Now, our rules engine can listen for an added customer without the code for adding a customer knowing anything about it -- especially helpful if the rules engine got added six months after the "add customer" code. As the Good Book saith: "Muck not with existing, tested code for in the day thou doest such an abomination, thy code integrity shall surely die."
That's the why.
Now, not to be like the good M. Fermat who once commented in a margin of a Math for Dummies or some such book that he had discovered a truly marvelous proof of a (seemingly-obvious, but really hard to prove) theorem, but which was just too large to include in said margin (to the near-eternal consternation of mathematicians), but this blog post is getting quite long.
Unlike Fermat's Last Theorem, which took over 350 years to be resolved, I intend to explain my solution tomorrow.
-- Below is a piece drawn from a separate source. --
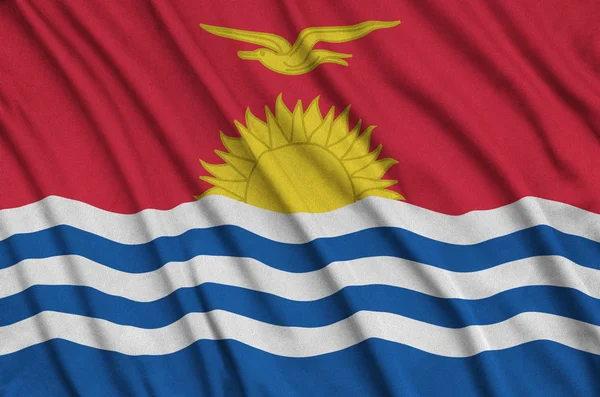 Bandeira Kiribati Representado Tecido Pano Esportes Com Muitas Dobras Esporte — Fotografia de Stock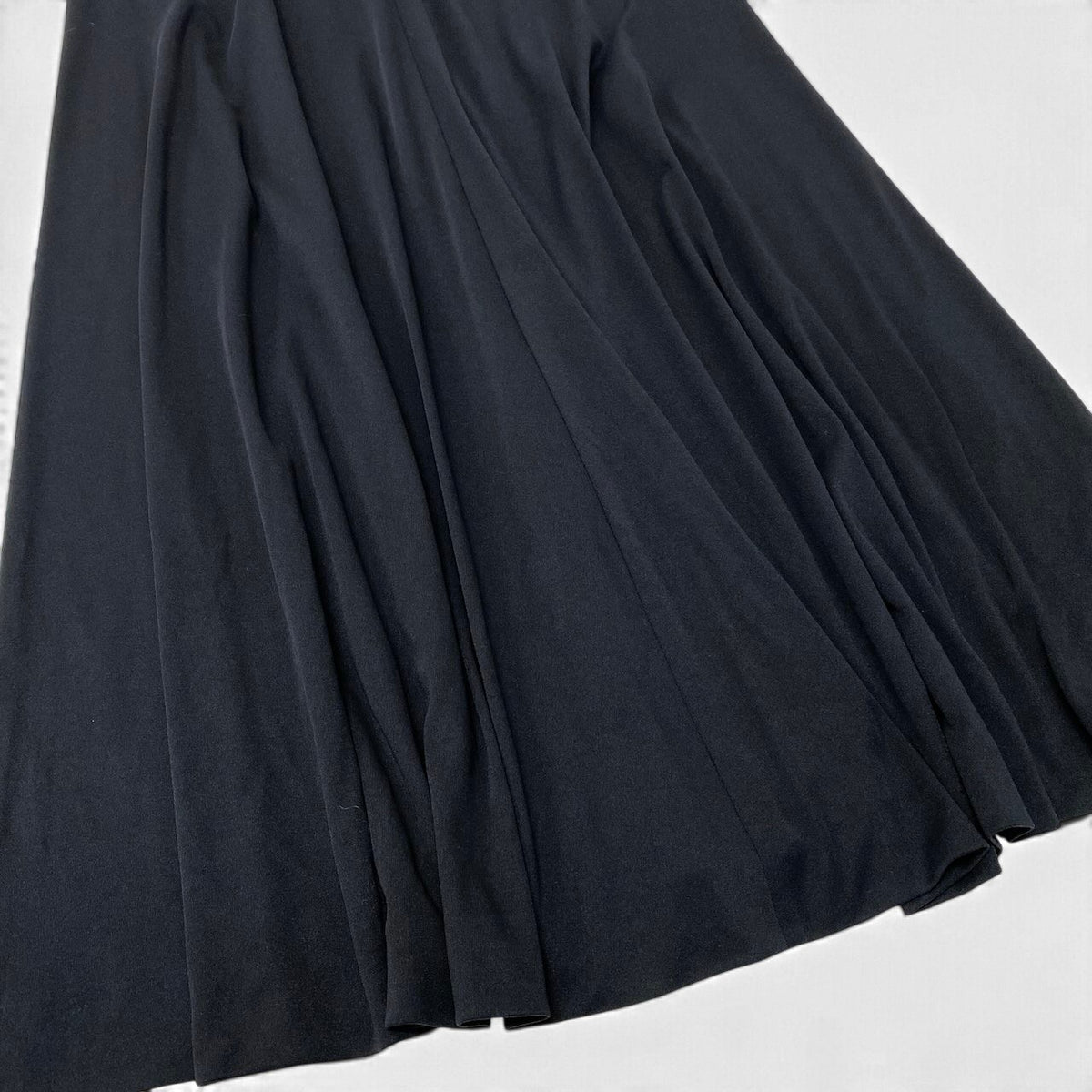 28j15 LEONARD FASHION レオナール ロングスリーブ ワンピース 花柄プリント シルクワンピース ブラック レディースu02t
But if you want just the raw code, you can "git" it here: http://github.com/halhelms/Blog-Post-Code.
Until tomorrow, then...


This example seems like it would work for what we need to do on a project, but I want to run it by you just to see if I am correct...
We will be uploading documents, and many of them could be quite large. The way it is done now, the page just spins and spins till the document is uploaded, or the application times out. Not the best for users. So, from reading your code, we should be able to use code like yours to pass the document information through ajax/jquery to a cfc to process/upload it, and let the user move on throughout the application, and when the document is fully uploaded, display a message stating the document has been uploaded.
Is this true, or would we have to do more than just modify your example code?
thanks
Dan
I don't think you can upload a file using Ajax, unless you're "faking" it with an iframe.
dan
A ColdFusion submit would be a new request to the server.
I would take a look at the following post on Stack Overflow and read the comments for links to plugins that might do what you're looking for.